Halfwheel is run by a respected member here. Charlie knows his stuff - enough so that that's the only place I get my news from.


----------



## asmartbull (Aug 16, 2009)

szyzk said:


> Halfwheel is run by a respected member here. Charlie knows his stuff - enough so that that's the only place I get my news from.


Fact here is, the LCDH knows their stuff.....


----------



## Wildone (Dec 19, 2009)

I like the Trini T & Short LE, Reyes... have a few bought...Look forward in the re-release...* in a couple years*...


----------



## BamaDoc77 (Jan 31, 2007)

I like the Fundys, I smoke them, but I also INVEST in cigars.. hence, I have many boxes of Fundadores..
I buy boxes to enjoy and some to stash away. This is a GREAT opportunity for people to buy Fundys, stick them away for a decade or two and turn a nice profit.


----------



## tpharkman (Feb 20, 2010)

I guess now I can admit that I wasn't really impressed with any of them except the little nib of honey that has already been mentioned. IMHO not a single one of them came close to a Coro.


----------



## asmartbull (Aug 16, 2009)

Just got word from another LCDH that the only Trinidad's
being discontinued are are Robusto T and Extra.


----------



## Saint Jimbob (Aug 21, 2008)

asmartbull said:


> Just got word from another LCDH that the only Trinidad's
> being discontinued are are Robusto T and Extra.


That makes more sense. All the same, I'm glad I picked up a tenner of the Reyes when I did, just in case some of the BOTLs here panicked and bought them all up ;-) They're pricey enough w/o demand going up & supply going down.


----------



## David_ESM (May 11, 2011)

asmartbull said:


> Just got word from another LCDH that the only Trinidad's
> being discontinued are are Robusto T and Extra.


This was the initial report that people have been hearing since December. Only question is which one is accurate now... Did it go from just the T to everything? We'll see...


----------



## szyzk (Nov 27, 2010)

asmartbull said:


> Just got word from another LCDH that the only Trinidad's
> being discontinued are are Robusto T and Extra.


I had heard this as well. Those were the two on the initial list of the 2012 chopping block cigars.


----------



## asmartbull (Aug 16, 2009)

Seams no one really knows what the production is going to be on the rest of the line.
It makes no sense to get rid of the Fundy and Reyes, but they didn't ask me...

Here is another contradictory post...just up 
http://www.cubancigarwebsite.com/brand.aspx?brand=Trinidad


----------



## BMack (Dec 8, 2010)

To me it sounds like the decision to get rid of the Robusto T and Extra may have been changed to the whole line...and that the right hand is not sure what the left one is doing. We've known the Robusto T and Extra were going away but it seems as though the entire line has been recently axed. 

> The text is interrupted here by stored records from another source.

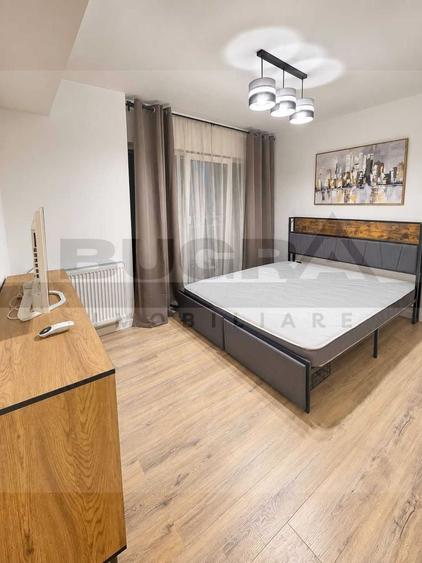 Apartament cu 3 camere semidecomandat în Dâmbul Rotund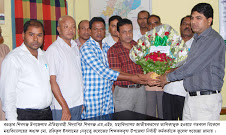 শিবগঞ্জ এম.এইচ. মহাবিদ্যালয় জাতীয়করণের তালিকাভুক্ত হওয়ায় বিভিন্ন মহলে ফুলেল শুভেচ্ছা প্রদান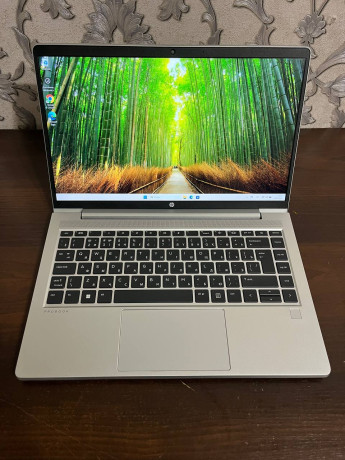ofisnyi-nout-v-otlicnom-sostoianii-s-korobkoi-i-zariadkoi-i3-1215u8256gb-nvme-115kastanatorg-big-0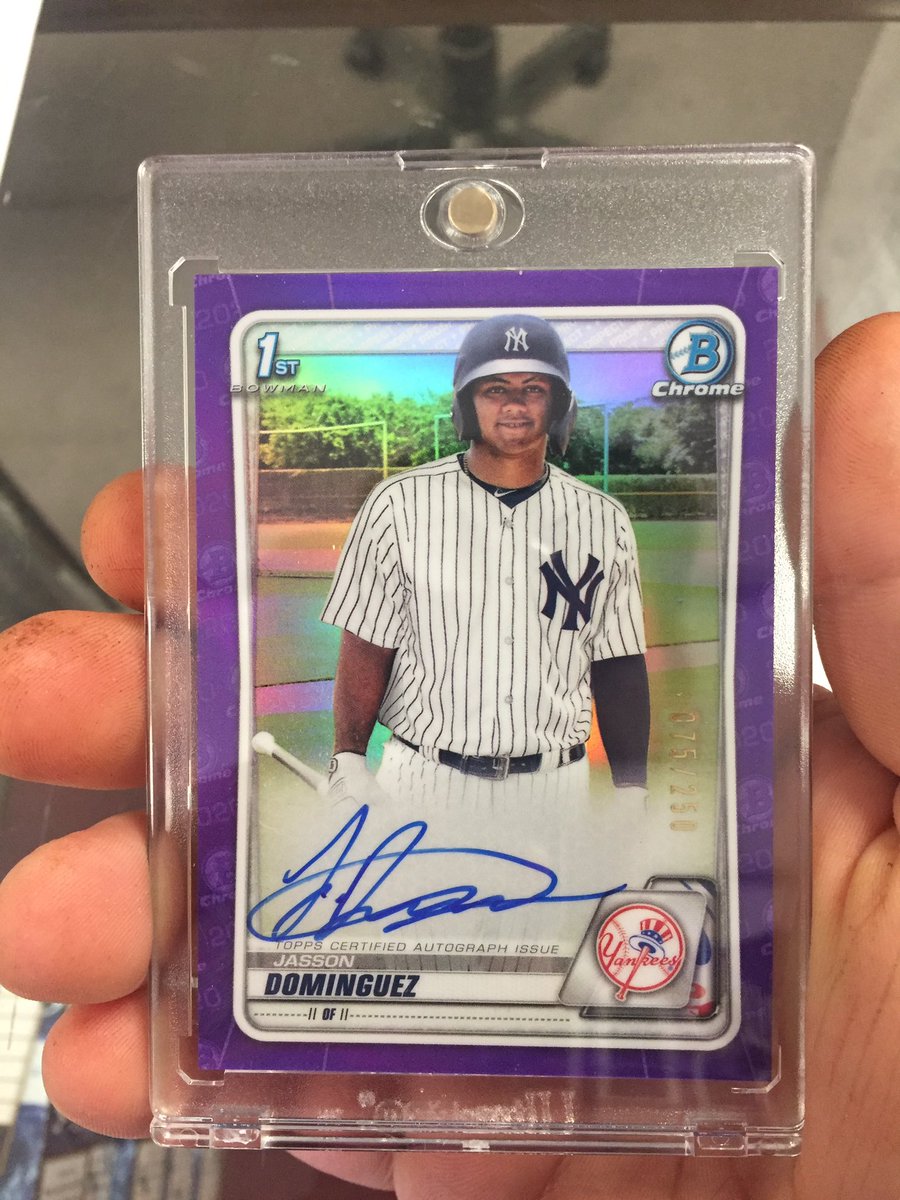 rdsportstopeka's tweet photo. Not a bad pull today by a customer @Topps @rdsportstopeka https://t.co/QKQ8sIyv1q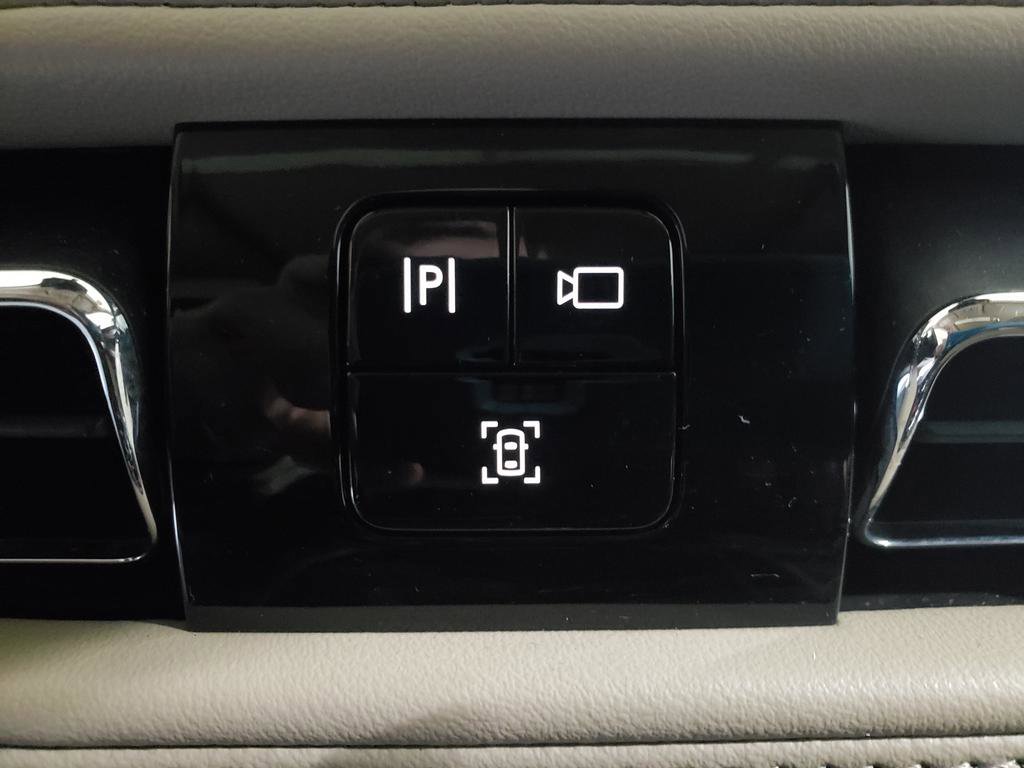 Used 2023 Lincoln Nautilus Reserve w/ Equipment Group 202A image 18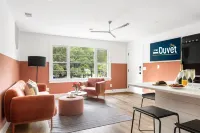Modern Comforts and Lush Green Surroundings - Charming Retreat Hotels in North Charleston
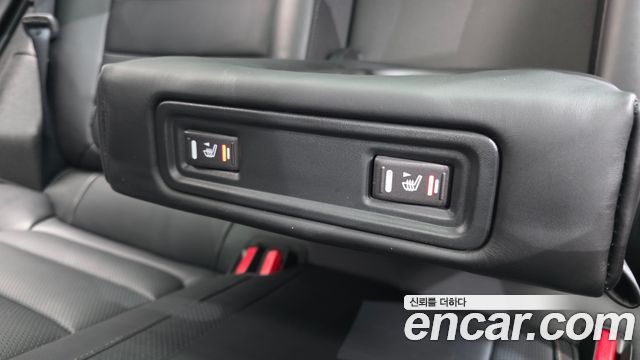 Renault Korea QM6 2.0 LPe Premiere 2WD 2022 — фото 18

It's a shame because I haven't had a chance to try them because they're soo pricey. Oh well, I didn't get to try Vegueros either.


----------



## Sarge (Nov 21, 2010)

asmartbull said:


> Just got word from another LCDH that the only Trinidad's
> being discontinued are are Robusto T and Extra.


that's what my concern was when hearing back from a vendor yesterday. I mean we all knew the T was getting axed & to this date there really hasn't been an official statement or date when they'd no longer be available right. So I'm just wondering if there wasn't some confusion along the line here & this is being misreported....

either way, looks like the new prices have taken effect @ all vendors so I don't think I'll be buying any or anything now. I should've pulled the trigger yesterday while they were just kind of overpriced. Where as today, @ +$50 for the T's, well that put's these grossly overpriced & I could just cry! $13 was pushing it & slightly overpriced, a price I shouldn't but still wanted & probably would have. But @ over $15 a stick, no F'n way. Rather buy 3 boxes of EPC Core line that might not be as tasty & good but every bit as enjoyable & solid.


----------



## sligub (Apr 6, 2011)

Update from the same source



> We have posted about the discontinuation of Trinidad - and that has caused a lot of discussions. Even though we have been informed personally about what we have posted two days ago the NOW offical statement is, that Reyes, Coloniales and Fundadores will not be discontinued but only the other sizes such as Robusto T and Robusto Extra. Sales figures are just too bad to justify a further production. Always good to see more news from Havana every day. Stay tuned for more


----------



## Bunner (Apr 5, 2011)

wow.. talk about the power of the internet...


----------



## asmartbull (Aug 16, 2009)

Another report from someone just returning from the island is that 
the rest of the line will be "frozen", not as in temp, just not released.
I am not sure what it means, but if I loved Fundy's and Reyes, I would be buying
just in case.........


----------



## sligub (Apr 6, 2011)

Update from hunters only the Robusto T and extra are dead and two new undeclared vitola to be released in the future.

Source The Future of Trinidad | Hunters & Frankau: The UK's sole importer and distributor of the finest Cuban Cigars

Looks like a certain LCDH had too many trini boxes


----------



## Rays98GoVols (Sep 22, 2008)

Sarge said:


> true dat.... Corona Gorda would be awesome!
> 
> don't get me wrong. The T is overpriced a little. Well a lot depending on where you're shopping. I'd like to see them cheaper & think they would've done great @ $250 a box. Which imho is a great price for them. Though having smoked one last weekend I will happily, yet reluctantly pony up the cash to grab a box quick before they're gone simply because. It will definitely be the most I've spent on a box to date. For the price Reyes are dam near as, if not better than the Siglo I imho. Quite frankly even the one T I had was way better than any of the 3 CoRos I've smoked so far. So I'm kind of surprised w/ all the hate on Trini & all the praise CoRo gets considering they're in the same range or exact same price. Maybe I need to smoke more CoRos or I just haven't had the right one because to me, the few I smoked were just ok. rant aside.


I agree. I will have to stock up on the Robusto T's. It is by far the best Robusto I've ever smoked, and yes I have smoked some CoRo's in my day...don't hate.


----------